To find the lexicographically smallest anti-palindrome, we should start by sorting the string. This ensures we're working with the smallest possible arrangement from the beginning.

The key insight is that after sorting, we only need to focus on the middle portion of the string. Why? Because in a sorted string, if it's already an anti-palindrome, we're done. If not, the problematic pairs (where s[i] == s[n-i-1]) will be concentrated around the middle.

Consider a sorted string like "aabbccdd". The potential issue occurs when the character at position i equals the character at position n-i-1. In a sorted string, this happens when we have too many of the same character clustered in the middle region.

The critical observation is that we only need to check if s[m] == s[m-1] (where m = n/2).

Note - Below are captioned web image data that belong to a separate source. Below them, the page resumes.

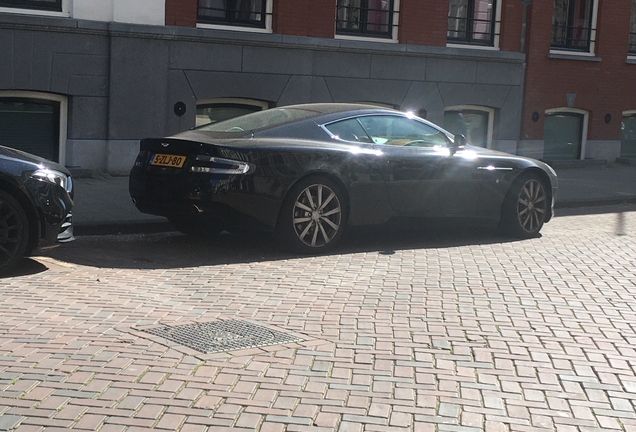 Aston Martin DB9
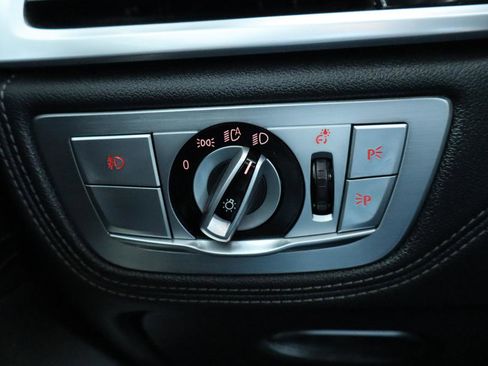 Used 2017 BMW 740i image 27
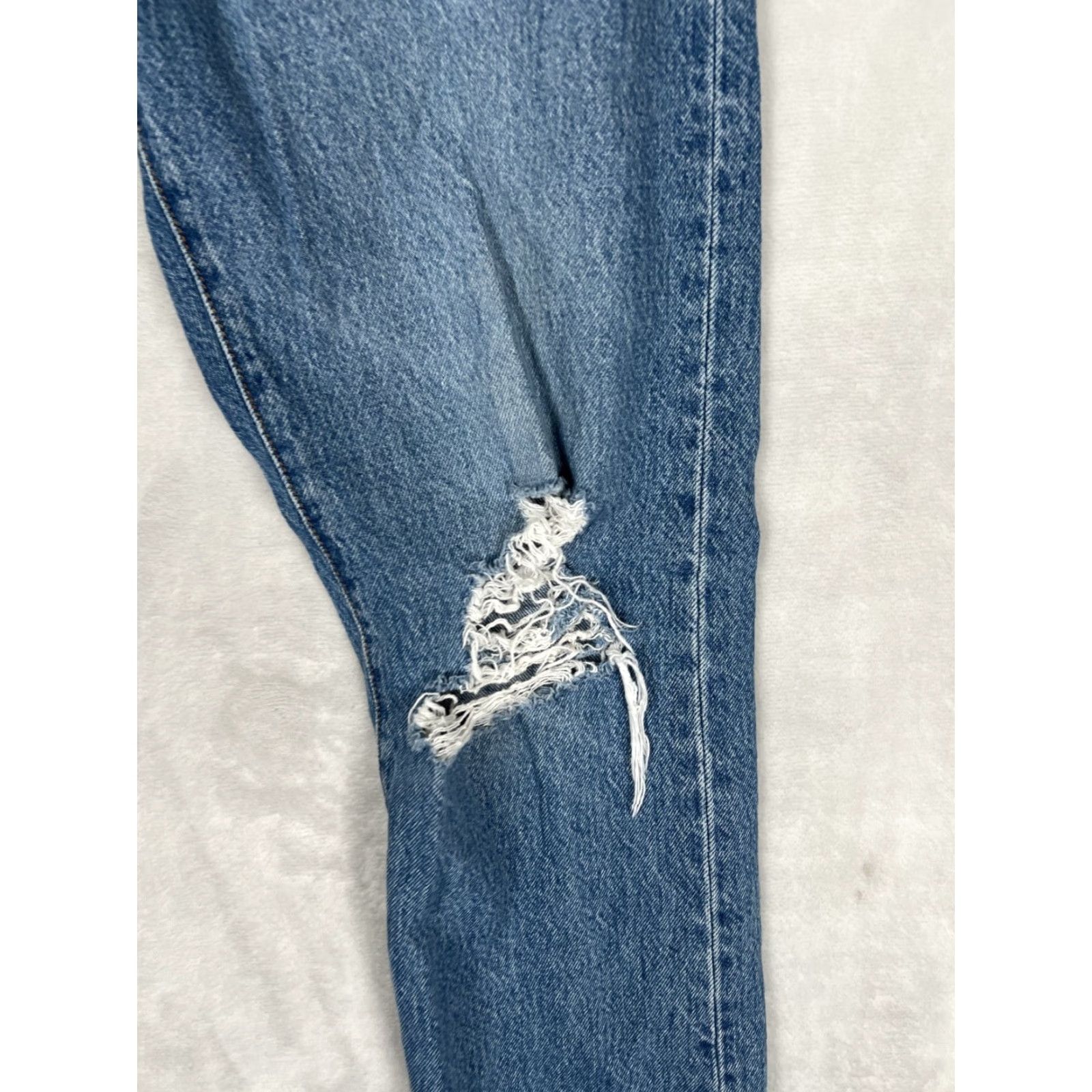 Levi's Levi's 501 Jeans Women 29x28 Blue Premium Distressed High Rise Denim Size 29" - 2 Thumbnail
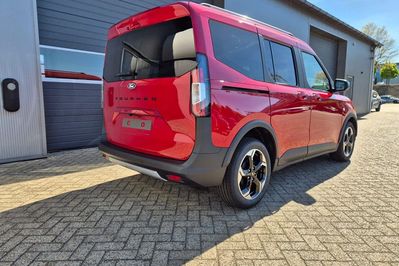 Ford Tourneo Courier Active A7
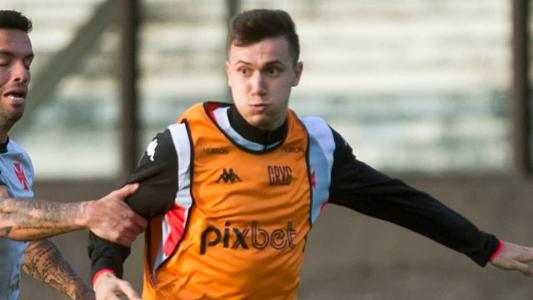 Lucas Piton é desfalque do Vasco diante do Cruzeiro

If these middle characters are different, the string is already an anti-palindrome because:

  • The left half is sorted in non-decreasing order
  • The right half (when viewed from the mirror positions) is in non-increasing order
  • If the two middle elements are different, all mirror pairs will be different

When s[m] == s[m-1], we have a run of identical characters crossing the midpoint. We need to break this symmetry by swapping some characters from the right half with different characters. We look for the first different character s[i] in the right half and swap it with problematic positions. This maintains lexicographical order as much as possible while ensuring the anti-palindrome property.

If we can't find enough different characters to swap (meaning most or all characters in the string are the same), it's impossible to form an anti-palindrome, and we return "-1".

Learn more about Greedy and Sorting patterns.

Solution Approach

The implementation follows a greedy approach combined with sorting:

  1. Sort the string: Convert the input string to a sorted character array cs = sorted(s). This gives us the lexicographically smallest starting point.

  2. Calculate middle position: Find the middle index m = n // 2 where n is the length of the string.

  3. Check if adjustment is needed: Compare cs[m] with cs[m-1]. If they're different, the string is already an anti-palindrome and we can return the joined result.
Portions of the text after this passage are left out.